Dabei untersuchte man 24 Mio. Onlinepreise bei 875 Händlern und verglich die Preise direkt eine Woche vor dem 1. Juli 2020 und nach jenem Stichtag. Bei 10,8 Mio. Angeboten (45 %) blieben die Preise identisch. In 8 % der Fälle stiegen die Onlinepreise im Durchschnitt um ca. 8,2 %. Immerhin: Bei 47 % der Angebote wurde der Preis gesenkt – um durchschnittlich 3,8 %, also sogar etwas mehr als der eigentliche MwSt.-Rabatt von 2,52 % (netto). Exakt um 2,52 % fielen 57 % der gesenkten Preise. Bei 28 % kam es zu höheren Ersparnissen – bei 15 % lag die Einsparung niedriger.

Ganz spannend ist, dass guenstiger.de nun aber auch den Preisverfall im Juli 2020 mit dem Juli 2019 verglichen hat. Prozentual gesehen konnte man da bei weniger Angeboten sparen – 43 (2019) statt 47 % (2020).
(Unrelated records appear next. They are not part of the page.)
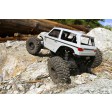 Axial Wraith Spawn 1/10 4WD RTR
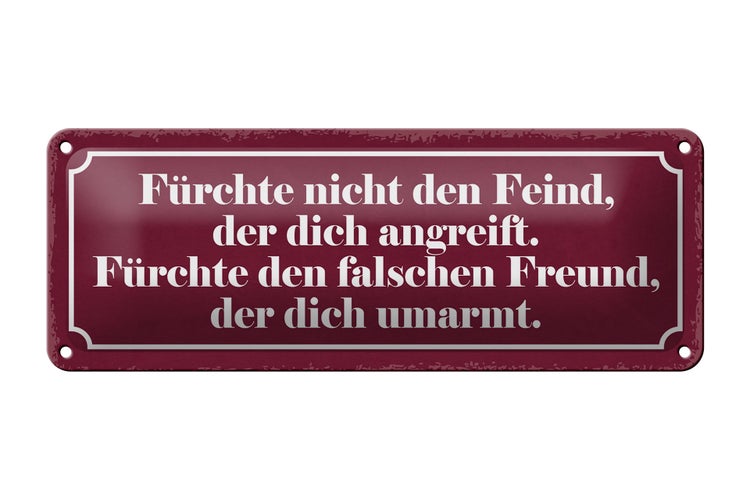 Blechschild Spruch 27x10cm fürchte nicht den Feind der Dekoration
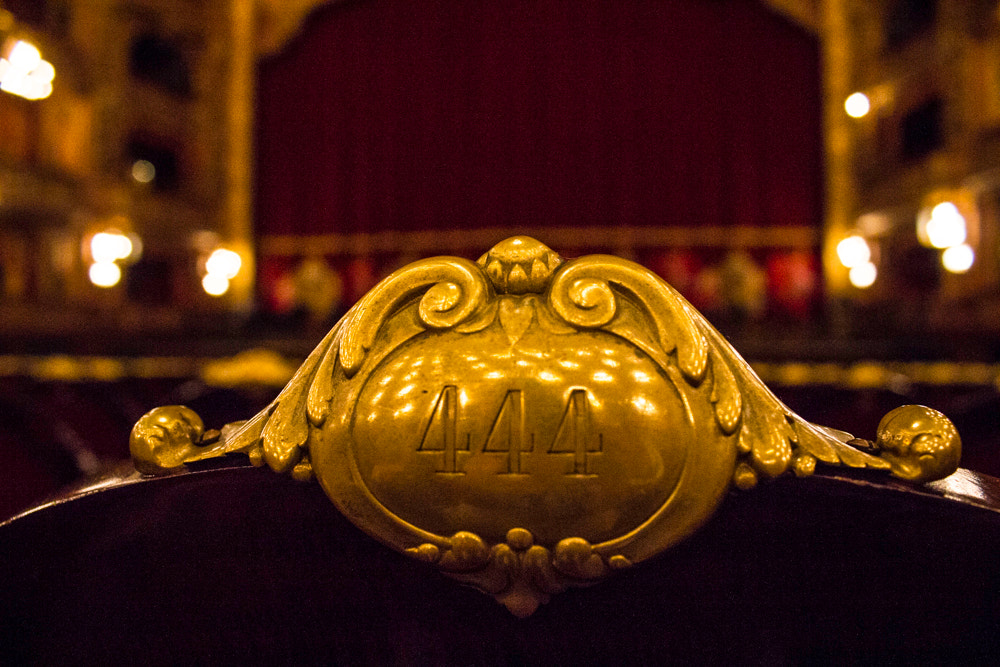 Canon EOS 550D (EOS Rebel T2i / EOS Kiss X4) sample photo. Buenos aires_teatro colon photography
Dafür lagen die Preissenkungen aber im Durchschnitt deutlich höher, nämlich bei 7,5 % (2019) statt 3,8 % (2020). Laut guenstiger.de falle damit da Sparpotenzial im Grunde nicht höher aus. Die Mehrwertsteuersenkung ist also generell für die Kunden ein wenig Augenwischerei.
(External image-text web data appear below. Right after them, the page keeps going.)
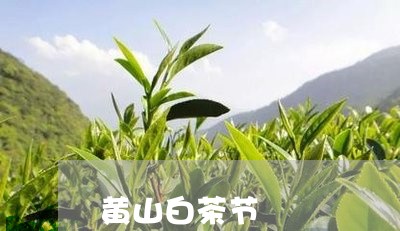 黄山白茶节/2023051297259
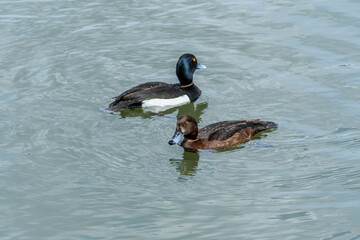 Tufted Duck (Aythya fuligula) drake and female on lake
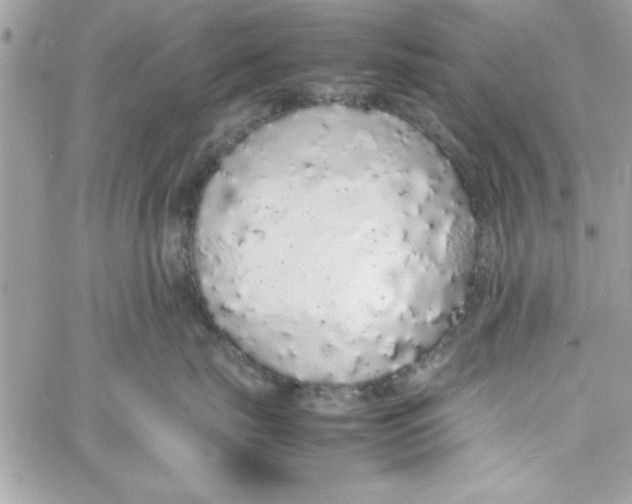 X0000057100671200510071938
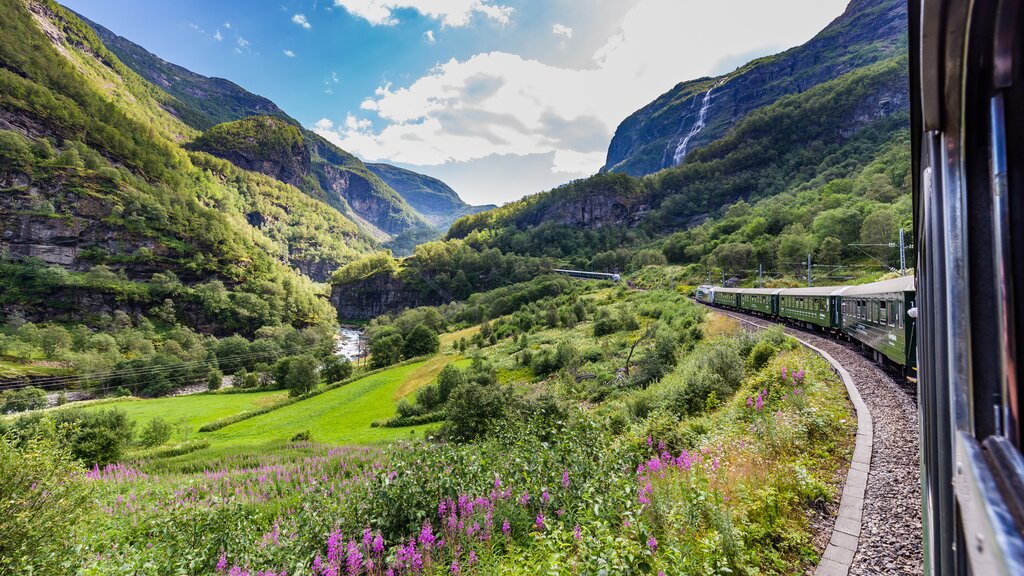 Flåm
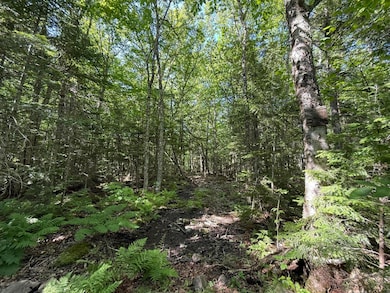 431 Houlton Rd, Island Falls, ME 04747 - photo 6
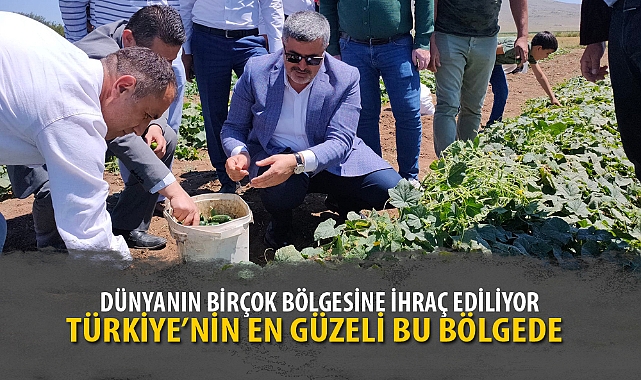 DÜNYANIN BİRÇOK BÖLGESİNE İHRAÇ EDİLİYOR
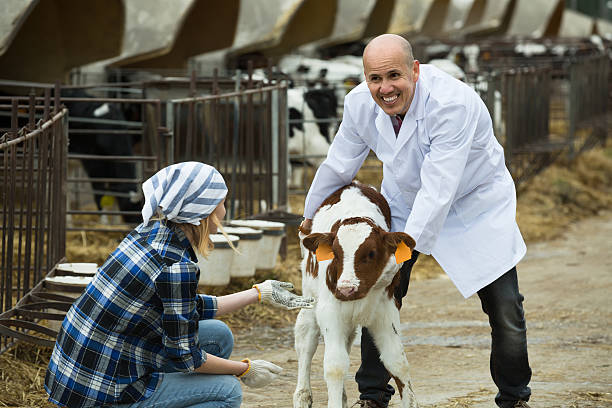 istock Farm workers with young cattle in cowhouse 522400600
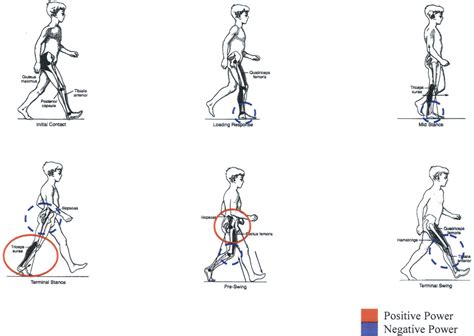 PDF Design Of A Quasi Passive Parallel Leg Exoskeleton To Augment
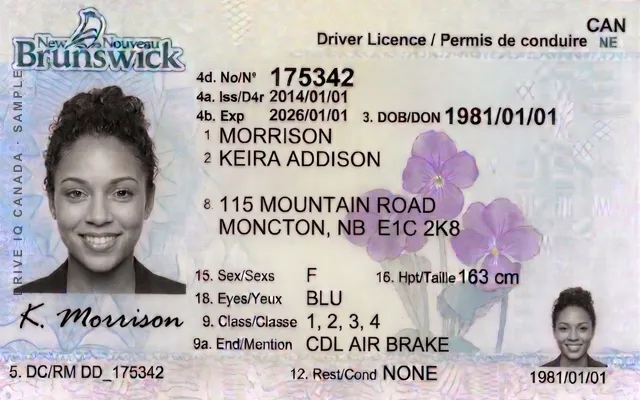 Sample New Brunswick commercial driver's licence
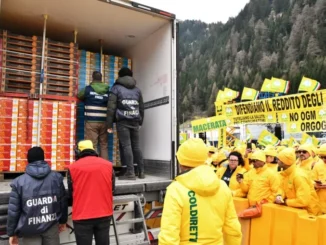 Niente residui di prodotti chimici negli ortaggi importati: la richiesta di Coldiretti all'Europa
Nun denkt sich vielleicht mancher von euch, dass die Händler bestimmt vorher die Preise erhöht hatten, um die vermeintliche Preissenkung zu kompensieren. Das sei aber laut guenstiger.de nur bei ca. 9 % der Angebote tatsächlich der Fall gewesen. Es ist also eher die Ausnahme. Insgesamt 91 % der Preise seien vor der MwSt.-Senkung stabil geblieben oder vor der Umstellung sogar gefallen.

Nicht berücksichtigt wurden in der Untersuchung übrigens Produkte, auf welche der ermäßigte Steuersatz von 7 bzw. nun 5 % gilt. Letzten Endes bleibt es also dabei, dass ihr Preise vergleichen solltet und im Zweifelsfall am besten nur das kauft, was ihr ohnehin benötigt. So umgeht man manch vermeintliches Schnäppchen, das am Ende keines ist.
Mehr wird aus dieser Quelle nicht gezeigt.